In our clandestine activities of the weekend, we wrote down a generative model for how amateur astrophotographers point their telescopes. Here (above) are some parameters of that model, superimposed on a sky picture of the footprints of their images.
2011-03-13
clandestine activity
Lang and I spent every waking minute of the weekend working on our quasi-secret paper about Comet Holmes that has an end-of-month deadline. Of course I say quasi-secret because absolutely everything we do is exposed on the web at all times in our SVN repository, and I have probably posted about it ten times previously! We got Foreman-Mackey's version of Goodman and Weare's affine-invariant ensemble sampler working (the same sampler Hou is using, but a new implementation), we figured out a new kind of likelihood function for image pointings (a generative model of astrophotographers if you will), we experimented with multiprocessor stuff, and we made figures. My kind of weekend!
2010-03-30
dynamics and MCMC
Lang and I hacked away at our Comet Holmes project today, trying to get an MCMC to find the global optimum of the likelihood function, and sample it. We know the right answer—the point is not to get the right answer in this case—the point is to make a system that just works, every time. In this and in my exoplanet stuff, there are many local minima; of course that is true for generic optimization problems, but I have an intuition that a lot of the simple dynamics problems have similar kinds of local minima.

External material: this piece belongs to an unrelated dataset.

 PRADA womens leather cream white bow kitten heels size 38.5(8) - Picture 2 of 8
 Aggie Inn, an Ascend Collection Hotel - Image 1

One theme of these kinds of problems is that we (meaning astronomers) tend to use MCMC for three things that are really distinct operations:
- We want the MCMC to crawl the parameter space and find, among all the local optima, the global optimum. This is search.
- We want the MCMC to gradient-descend into that global optimum. This is optimization.
- We want the MCMC to give us back a fair sampling from the likelihood or posterior probability distribution function. This is integration.